Warum setzten die Europäer beim Klimaschutz nicht verstärkt auf das Instrument des EU-Emissionshandels?
Löschel: Der EU-Emissionshandel war in den ersten Jahren ein Experiment nicht gekannten Ausmaßes. Es gab dabei natürlich verschiedene Kinderkrankheiten, etwa die generöse freie Zuteilung der Zertifikate durch die Mitgliedsstaaten. Die Preise schwankten daher stark und waren lange Zeit nahe Null. Von so einem Emissionshandelssystem gehen natürlich kaum Impulse aus. Das KfW-ZEW CO2 Barometer zeigte dann auch, dass die CO2-Einsparung nur bei den wenigsten Investitionen auf Unternehmensebene ausschlaggebend war. Daraus schließen viele, dass der Emissionshandel insgesamt nicht in der Lage ist, substantielle Emissionsminderungen und ein rasches Umsteuern auf eine CO2-arme Ökonomie zu erreichen. Dies sehe ich anders. Es fehlt bisher einfach die konsequente Umsetzung der Idee. Wenn ab dem Jahr 2013 eine Tonne CO2 30 Euro kostet und die Emissionszertifikate hauptsächlich versteigert werden, wird eine ganz andere Dynamik zu beobachten sein. Marktnahe erneuerbare Energien werden davon profitieren und könnten - statt durch technologievariable Einspeisevergütungen im Erneuerbare-Energien-Gesetzt - durch eine einheitliche Förderung zusätzlich unterstützt werden.
Wie könnte mit dem geringsten Kostenaufwand möglichst viel Klimaschutz erreicht werden?

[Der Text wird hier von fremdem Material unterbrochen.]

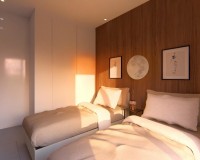 Nieuw constructie - Semidetached - San Javier - Santiago de la Ribera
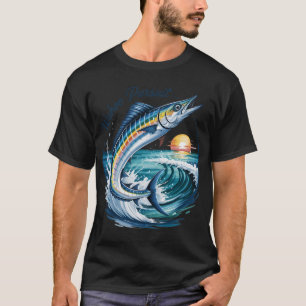 ds the zombie betta fish T-Shirt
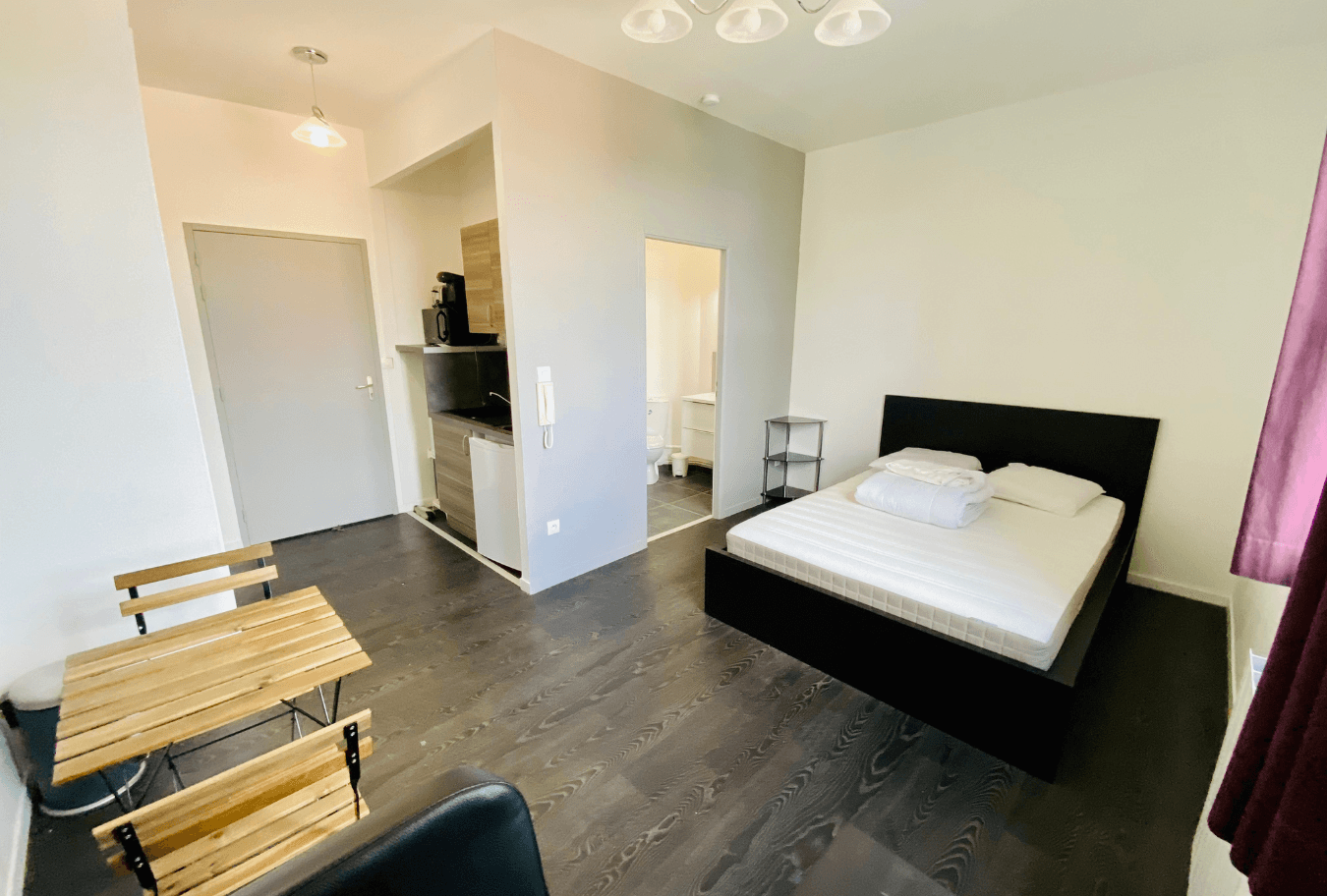 EXCLUSIVITÉ SMITH : STUDIO RÉNOVÉ - Photo 1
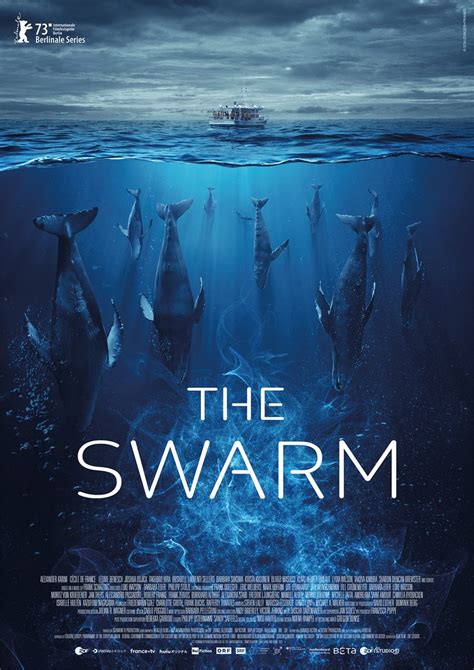Nature Fights Back In Eco Thriller Series The Swarm Official Trailer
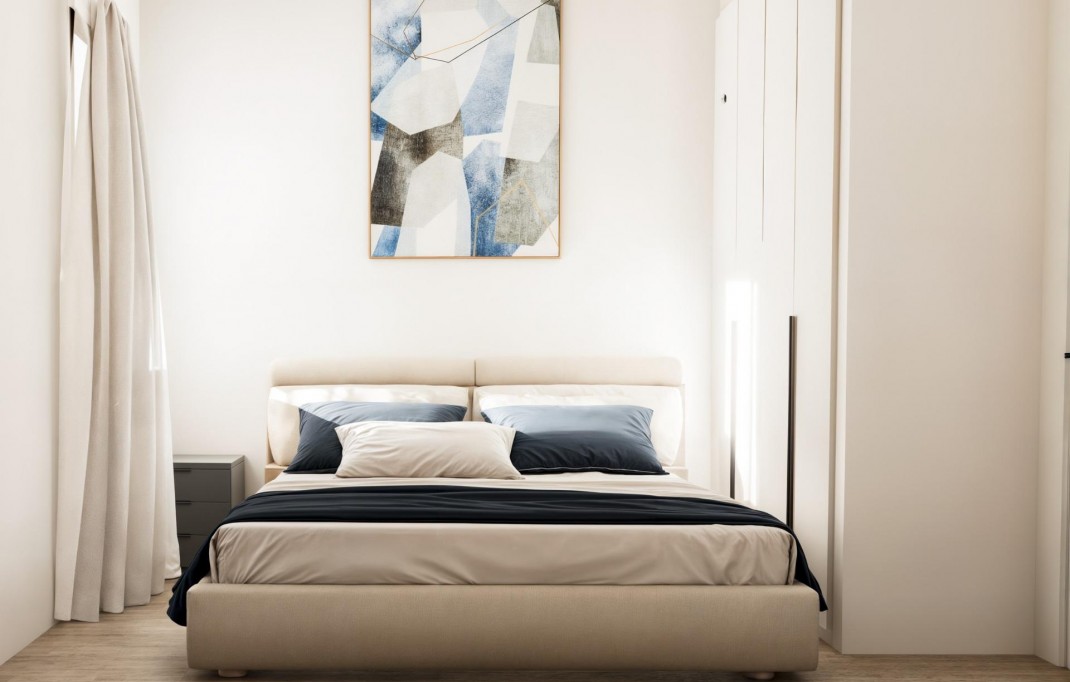 Nieuwbouw - Apartment - Finestrat - Balcon de finestrat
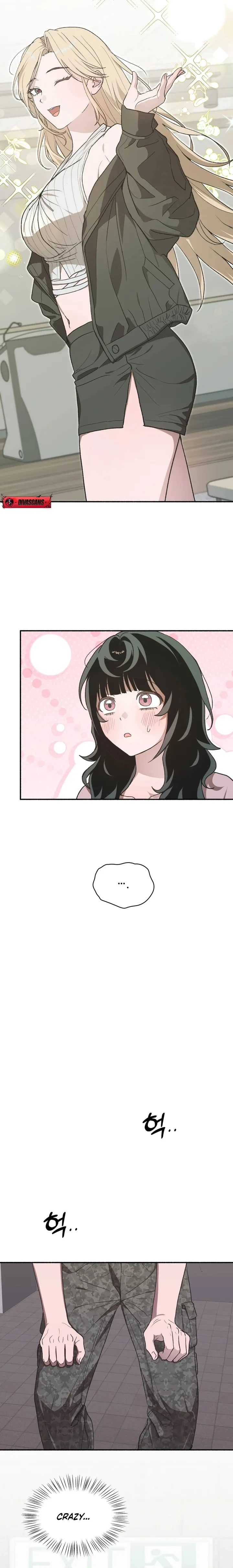 Just Hold My Hand Chapter 13 - Page 12
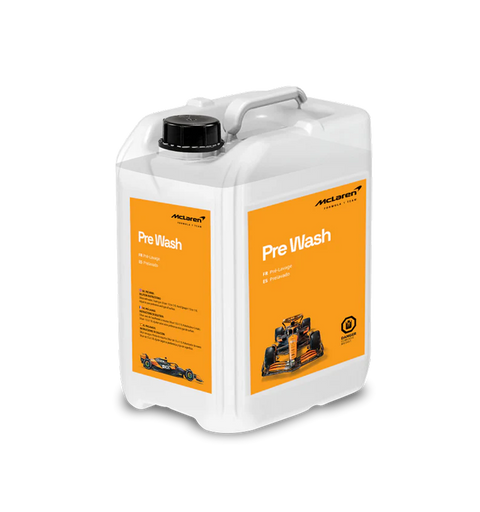 McLaren Car Care Pre Wash (5L)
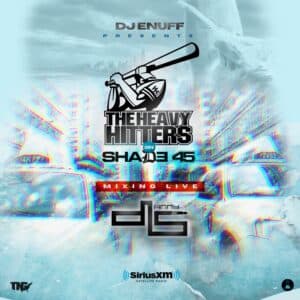 Live Mix on Shade 45 x 2022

Löschel: Die Entscheidung über Art und Umfang der Emissionsvermeidung sollte den Akteuren überlassen bleiben. Nur sie alleine können die damit verbundenen Kosten beziehungsweise den damit verbundenen Verlust an Lebensqualität einschätzen. Andere Ansätze wie das Glühlampenverbot beschneiden unnötig diese Entscheidungsfreiheit und führen zu Zusatzkosten gegenüber einem Emissionshandelssystem oder einer CO2-Steuer. Besser wäre es, mehr Information – etwa über Energiesparmöglichkeiten – bereitzustellen, die Ziele im Emissionshandelssystem ambitioniert zu gestalten und den Emissionshandel sektoral und regional rasch auszuweiten. Nur ein möglichst globaler Ansatz hilft uns wirklich weiter. Da einige Sektoren für einen Emissionshandel nach europäischem Muster nicht geeignet sind, sollten für diese Bereiche zusätzlich CO2-Steuern eingeführt werden. Umfassender Emissionshandel und CO2-Steuern führen so zu einem einheitlichen Preis für Emissionsminderungen und sichern damit geringste Kosten beim Klimaschutz. Die ökonomische Effizienz der Klimapolitik ist aus meiner Sicht eine Voraussetzung für die politische Durchsetzbarkeit des notwendigen Klimaschutzes - nicht nur in Europa.